Over the coming years, groundbreaking observatories like the James Webb Space Telescope and the Square Kilometre Array (SKA)—fully operational by the early 2030s—will transform our view of the Universe.
Nestled in northern Chile's Atacama Desert on Cerro Armazones, just 20 kilometers east of Cerro Paranal and over 3,000 meters above sea level, the foundation stone for the world's largest optical telescope was laid in May 2017. This €1 billion project, the Extremely Large Telescope (ELT), is poised to capture its first light early in 2025. Benefiting from exceptionally clear skies, dry, cold air, and minimal light pollution, it will succeed the renowned Very Large Telescope (VLT).

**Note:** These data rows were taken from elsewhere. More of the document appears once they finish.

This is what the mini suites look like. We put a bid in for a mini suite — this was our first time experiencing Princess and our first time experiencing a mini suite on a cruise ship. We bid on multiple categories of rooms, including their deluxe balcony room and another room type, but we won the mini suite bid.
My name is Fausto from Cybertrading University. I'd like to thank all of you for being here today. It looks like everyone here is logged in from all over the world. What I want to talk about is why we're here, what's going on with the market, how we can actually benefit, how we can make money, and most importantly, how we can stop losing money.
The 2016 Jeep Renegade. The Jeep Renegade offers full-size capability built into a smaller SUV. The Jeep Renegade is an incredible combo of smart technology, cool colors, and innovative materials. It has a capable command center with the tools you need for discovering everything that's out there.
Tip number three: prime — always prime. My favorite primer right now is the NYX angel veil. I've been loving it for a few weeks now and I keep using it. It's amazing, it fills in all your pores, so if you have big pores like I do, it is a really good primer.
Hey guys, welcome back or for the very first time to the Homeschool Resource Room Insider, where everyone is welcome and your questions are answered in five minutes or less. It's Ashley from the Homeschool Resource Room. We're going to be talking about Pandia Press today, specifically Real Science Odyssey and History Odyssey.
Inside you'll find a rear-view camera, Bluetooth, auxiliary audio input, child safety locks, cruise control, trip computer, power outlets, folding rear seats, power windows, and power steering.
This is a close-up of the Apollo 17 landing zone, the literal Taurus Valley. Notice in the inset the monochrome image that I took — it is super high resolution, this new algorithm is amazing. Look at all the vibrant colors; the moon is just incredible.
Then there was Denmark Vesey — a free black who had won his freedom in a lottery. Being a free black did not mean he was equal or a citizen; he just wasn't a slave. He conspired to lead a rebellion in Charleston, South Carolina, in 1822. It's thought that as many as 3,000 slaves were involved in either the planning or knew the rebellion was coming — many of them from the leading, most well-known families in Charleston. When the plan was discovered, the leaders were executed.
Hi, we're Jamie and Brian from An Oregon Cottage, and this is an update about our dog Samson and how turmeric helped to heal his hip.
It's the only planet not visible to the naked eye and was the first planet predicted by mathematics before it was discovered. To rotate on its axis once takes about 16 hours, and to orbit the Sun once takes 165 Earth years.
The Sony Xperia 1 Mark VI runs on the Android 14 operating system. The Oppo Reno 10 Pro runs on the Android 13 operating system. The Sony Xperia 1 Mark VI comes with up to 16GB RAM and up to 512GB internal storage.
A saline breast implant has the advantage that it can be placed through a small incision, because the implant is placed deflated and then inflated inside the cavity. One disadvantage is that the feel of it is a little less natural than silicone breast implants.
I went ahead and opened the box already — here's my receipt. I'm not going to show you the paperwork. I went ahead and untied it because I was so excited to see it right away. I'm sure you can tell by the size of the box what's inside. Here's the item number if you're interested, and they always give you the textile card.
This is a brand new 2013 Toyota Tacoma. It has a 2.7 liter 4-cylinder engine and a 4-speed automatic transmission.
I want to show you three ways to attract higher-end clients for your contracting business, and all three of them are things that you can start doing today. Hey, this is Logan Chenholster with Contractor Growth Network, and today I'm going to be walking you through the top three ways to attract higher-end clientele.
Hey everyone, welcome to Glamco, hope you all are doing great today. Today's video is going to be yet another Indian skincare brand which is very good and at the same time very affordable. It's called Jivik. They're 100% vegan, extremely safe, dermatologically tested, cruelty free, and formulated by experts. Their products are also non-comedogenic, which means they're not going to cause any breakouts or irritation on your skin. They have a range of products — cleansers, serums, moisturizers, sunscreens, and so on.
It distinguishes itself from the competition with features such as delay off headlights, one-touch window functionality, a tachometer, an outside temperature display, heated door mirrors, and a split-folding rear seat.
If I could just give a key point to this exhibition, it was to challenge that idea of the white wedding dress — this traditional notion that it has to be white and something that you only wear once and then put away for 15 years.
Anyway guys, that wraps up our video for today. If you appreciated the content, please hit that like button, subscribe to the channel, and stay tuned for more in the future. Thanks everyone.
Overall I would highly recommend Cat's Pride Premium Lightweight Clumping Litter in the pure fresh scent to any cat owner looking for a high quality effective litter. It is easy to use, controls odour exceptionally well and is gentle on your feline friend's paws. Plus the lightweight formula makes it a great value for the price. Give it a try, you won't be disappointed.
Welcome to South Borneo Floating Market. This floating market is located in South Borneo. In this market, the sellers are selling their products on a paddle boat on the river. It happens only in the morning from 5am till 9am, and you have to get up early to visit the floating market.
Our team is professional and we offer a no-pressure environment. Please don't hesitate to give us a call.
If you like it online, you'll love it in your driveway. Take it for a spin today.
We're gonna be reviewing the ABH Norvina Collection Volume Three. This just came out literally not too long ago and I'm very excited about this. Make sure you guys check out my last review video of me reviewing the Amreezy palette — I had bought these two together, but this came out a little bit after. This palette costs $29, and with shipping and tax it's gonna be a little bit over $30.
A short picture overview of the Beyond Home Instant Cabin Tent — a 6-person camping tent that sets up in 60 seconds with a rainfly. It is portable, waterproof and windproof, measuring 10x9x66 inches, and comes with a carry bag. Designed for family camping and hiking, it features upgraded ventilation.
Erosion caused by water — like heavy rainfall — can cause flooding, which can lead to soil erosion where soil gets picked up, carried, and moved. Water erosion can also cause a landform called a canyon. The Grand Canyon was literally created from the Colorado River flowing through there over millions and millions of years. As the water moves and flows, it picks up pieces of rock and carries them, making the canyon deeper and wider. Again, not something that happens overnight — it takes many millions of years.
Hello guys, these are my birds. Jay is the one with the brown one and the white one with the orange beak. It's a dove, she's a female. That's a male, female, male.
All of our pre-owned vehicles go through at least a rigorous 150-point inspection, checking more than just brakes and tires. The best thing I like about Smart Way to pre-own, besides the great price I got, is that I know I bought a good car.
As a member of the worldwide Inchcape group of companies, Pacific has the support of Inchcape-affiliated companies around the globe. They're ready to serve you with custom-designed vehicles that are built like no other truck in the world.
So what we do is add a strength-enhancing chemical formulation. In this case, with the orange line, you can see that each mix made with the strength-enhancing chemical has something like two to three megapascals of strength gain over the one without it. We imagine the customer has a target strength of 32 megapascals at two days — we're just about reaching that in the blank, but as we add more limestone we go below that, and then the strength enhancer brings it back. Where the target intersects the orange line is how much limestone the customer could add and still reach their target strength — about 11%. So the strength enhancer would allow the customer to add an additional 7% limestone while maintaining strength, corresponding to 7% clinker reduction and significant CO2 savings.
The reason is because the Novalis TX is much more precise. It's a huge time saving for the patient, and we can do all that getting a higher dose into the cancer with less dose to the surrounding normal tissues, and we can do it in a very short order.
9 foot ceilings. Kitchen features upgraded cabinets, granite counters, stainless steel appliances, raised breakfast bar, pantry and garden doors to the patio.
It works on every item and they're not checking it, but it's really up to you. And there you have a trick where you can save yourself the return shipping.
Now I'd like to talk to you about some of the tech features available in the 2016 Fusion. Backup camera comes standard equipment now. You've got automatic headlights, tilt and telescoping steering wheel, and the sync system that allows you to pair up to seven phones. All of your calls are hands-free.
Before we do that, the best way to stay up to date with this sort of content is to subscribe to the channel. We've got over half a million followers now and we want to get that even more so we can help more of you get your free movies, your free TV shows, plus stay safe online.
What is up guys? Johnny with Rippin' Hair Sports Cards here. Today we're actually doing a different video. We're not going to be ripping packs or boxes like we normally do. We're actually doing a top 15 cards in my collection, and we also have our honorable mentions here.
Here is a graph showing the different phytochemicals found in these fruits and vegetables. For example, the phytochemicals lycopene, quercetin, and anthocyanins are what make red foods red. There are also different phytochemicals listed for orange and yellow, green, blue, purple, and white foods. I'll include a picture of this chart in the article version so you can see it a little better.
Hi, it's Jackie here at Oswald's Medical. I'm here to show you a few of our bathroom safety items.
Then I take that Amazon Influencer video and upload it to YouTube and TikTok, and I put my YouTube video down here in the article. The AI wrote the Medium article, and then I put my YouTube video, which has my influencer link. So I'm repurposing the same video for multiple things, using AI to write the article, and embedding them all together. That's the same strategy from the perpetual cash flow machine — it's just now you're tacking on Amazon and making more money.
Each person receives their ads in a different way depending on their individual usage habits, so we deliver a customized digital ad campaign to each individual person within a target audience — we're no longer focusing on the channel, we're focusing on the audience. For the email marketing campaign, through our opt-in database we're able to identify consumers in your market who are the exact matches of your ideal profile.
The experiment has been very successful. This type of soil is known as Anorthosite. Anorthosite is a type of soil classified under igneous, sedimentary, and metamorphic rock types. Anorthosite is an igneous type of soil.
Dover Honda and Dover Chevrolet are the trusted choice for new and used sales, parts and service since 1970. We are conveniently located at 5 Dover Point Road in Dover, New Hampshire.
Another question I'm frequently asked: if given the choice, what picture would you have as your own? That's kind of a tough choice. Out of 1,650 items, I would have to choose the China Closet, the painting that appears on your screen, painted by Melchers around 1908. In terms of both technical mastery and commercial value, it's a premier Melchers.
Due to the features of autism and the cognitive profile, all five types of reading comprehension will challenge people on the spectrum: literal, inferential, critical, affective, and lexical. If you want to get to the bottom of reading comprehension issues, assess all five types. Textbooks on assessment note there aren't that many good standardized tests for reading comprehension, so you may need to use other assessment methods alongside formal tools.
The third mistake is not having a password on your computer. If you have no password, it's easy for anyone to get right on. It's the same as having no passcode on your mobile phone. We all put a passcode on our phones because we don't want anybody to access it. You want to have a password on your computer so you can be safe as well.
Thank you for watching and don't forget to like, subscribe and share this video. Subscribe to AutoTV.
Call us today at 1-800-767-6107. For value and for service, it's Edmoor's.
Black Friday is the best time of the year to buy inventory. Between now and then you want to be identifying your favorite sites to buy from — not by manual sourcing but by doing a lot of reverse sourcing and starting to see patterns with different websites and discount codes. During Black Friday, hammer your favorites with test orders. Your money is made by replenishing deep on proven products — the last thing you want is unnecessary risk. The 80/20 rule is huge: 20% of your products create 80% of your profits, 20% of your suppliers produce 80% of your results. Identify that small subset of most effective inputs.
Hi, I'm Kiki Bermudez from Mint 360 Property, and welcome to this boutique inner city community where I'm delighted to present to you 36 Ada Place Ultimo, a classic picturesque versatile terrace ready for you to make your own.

The ELT's scale is epitomized by its primary mirror's 39.3-meter diameter. A larger mirror gathers more light, revealing faint celestial objects invisible to smaller scopes. This instrument will collect more light than all existing large ground-based telescopes combined. Compared to the VLT, it will detect objects 25 times fainter—equivalent to peering five times farther, effectively expanding the observable Universe by a factor of five.
Leveraging these capabilities, astronomers will secure direct images of rocky exoplanets—Earth-like worlds—within 25 light-years. Some may orbit in their star's habitable zone, where liquid water could exist. Spectral analysis of their atmospheres could then reveal signs of life through key gases.
At the cosmic opposite, the ELT will illuminate the Universe's infancy, particularly the transition from the Dark Ages—when it was filled with uniform hot radiation—to the Stellar Age, ignited by the first stars.